▸ **PROBLEM**: Pictures must not appear in the copy. Set down exactly the line with "Antonio Melani Cashmere" and each line after it through the end of the data below.

▸ **DATA PROVIDED**:
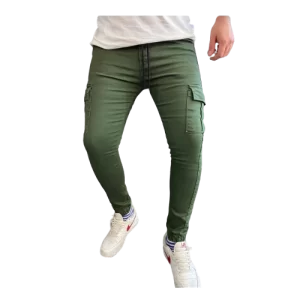 Cargo Pocket Slim Fit Elastic Pant Men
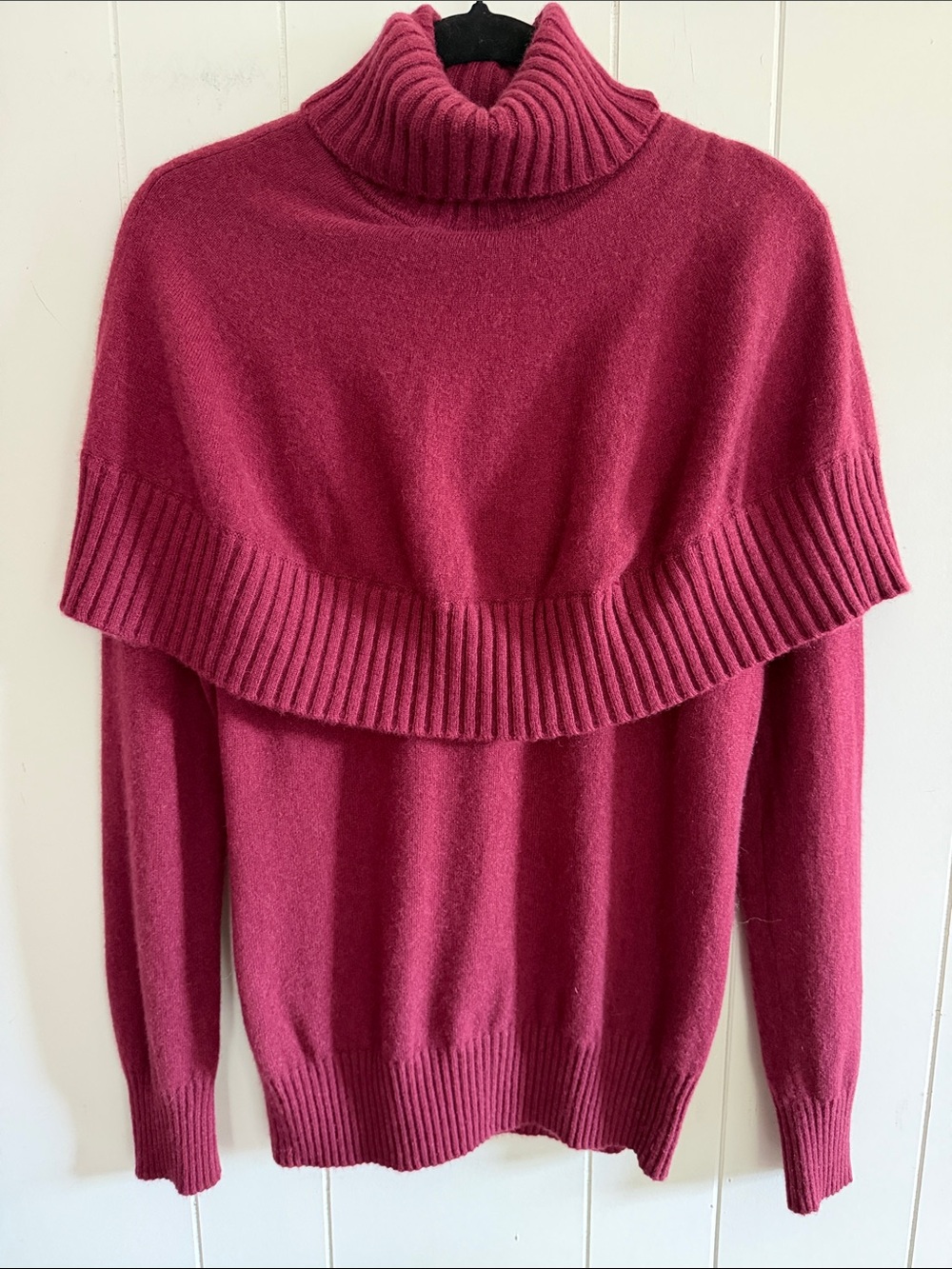 Antonio Melani Cashmere Layered Blair Cape Sweater Large Quiet Luxury Old Money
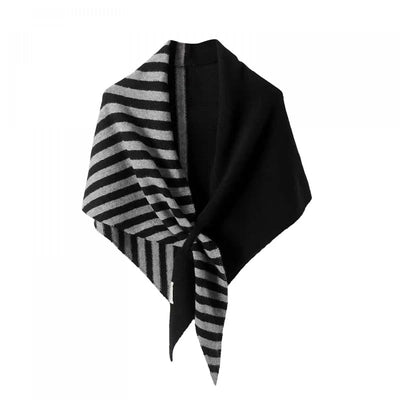 Warm Striped Shawl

▸ **ANSWER TO THIS PROBLEM**:
 Antonio Melani Cashmere Layered Blair Cape Sweater Large Quiet Luxury Old Money
 Warm Striped Shawl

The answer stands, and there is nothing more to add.